Not that I'm aware of.
> Backgroud: I'm comming from Solaris 11/ZFS world and I like ZFS's
> focus on data integrity from drive level up to the RAM. I've been
> thinking about OpenBSD and how to get the same with minimalistic
> effort (not porting ZFS) and I've though that having checksumming
> implemented in a virtual drive (softraid) may be the most easiest way.
> I think more easier than for example enhance ffs to include file-based
> checksums. Another issue is how to propagate block failures up to the
> file level, but for me it would be enough to just know something bad
> happening with the drive. At least for now. I hope discipline may be
> stacked on top of another so there is a possibility of using RAID1
> with checksumming disciplines on two drives, hence getting something
> similar to what I use now with ZFS (zpool with two drives in mirroring
> setup). If stacking is not possible for whatever reason, then I would
> probably go and clone and modify RAID1 to add checksum support (if
> feasible of course).
Stacking in softraid does work, but it is not officially supported (there are
number of gotchas that you need to be aware of, such as the need to manually
reassemble the volumes). It was never really designed to work this way and it
results in I/O going through multiple layers unnecessarily.
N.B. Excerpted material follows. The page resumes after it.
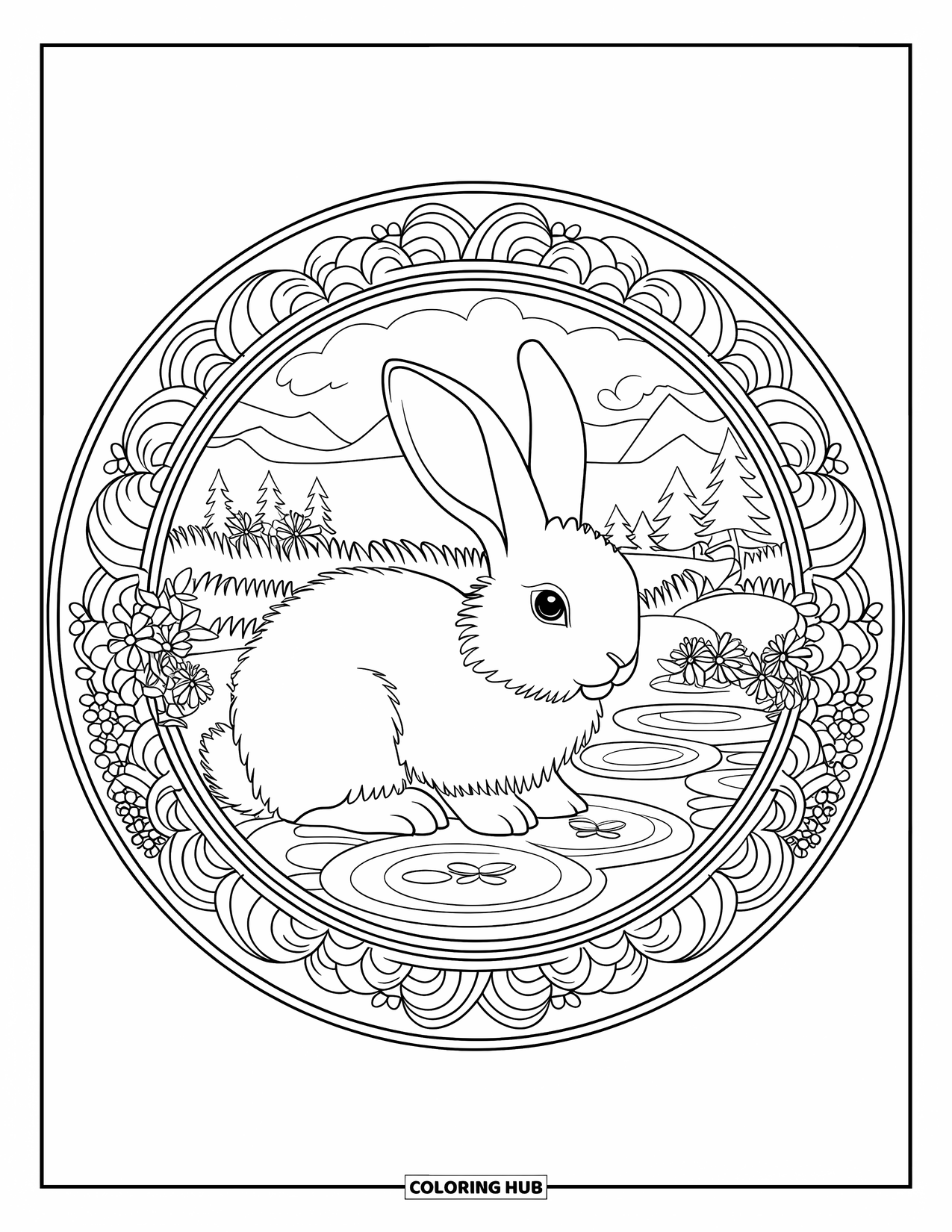 Kolorowanka z króliczkiem dla dorosłych: Puszysty króliczek siedzi na lilii wodnej wewnątrz mandali, otoczony kwiatami i zielenią.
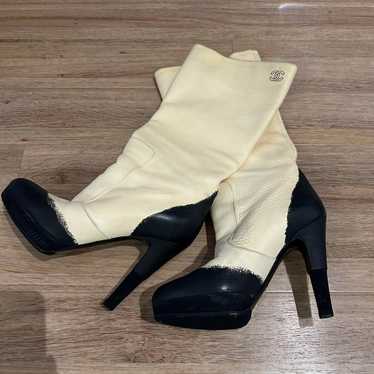 CHANEL Ivory and Black Long Boots Size 36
At some point it
needs to be rearchitected so that it is stackable internally, which will then
allow for a set of fixed but flexible disciplines.
Re adding some form of checksumming, it only seems to make sense in the case
of RAID 1 where you can decide that the data on a disk is invalid, then fail
the read and pull the data from another drive. That coupled with block
level "healing" or similar could be interesting. Otherwise checksumming on
its own is not overly useful at this level - you would simply fail a read,
which then results in potentially worse than bit-flipping at higher layers.
If you wanted to investigate this I would suggest considering it as an option
to the existing RAID 1 implementation. The bulk of it would be calculating
and adding a checksum to each write and offsetting each block accordingly,
along with verification on read. The failure modes would need to be thought
through and handled - the re-reading from a different disk is already there,
however what you then do with the failure is an open question (failing the
chunk entirely is the heavy handed but already supported approach).
> Any comment on this topic welcome.
>
> Thanks,
> Karel
--
"Action without study is fatal. Study without action is futile."
-- Mary Ritter Beard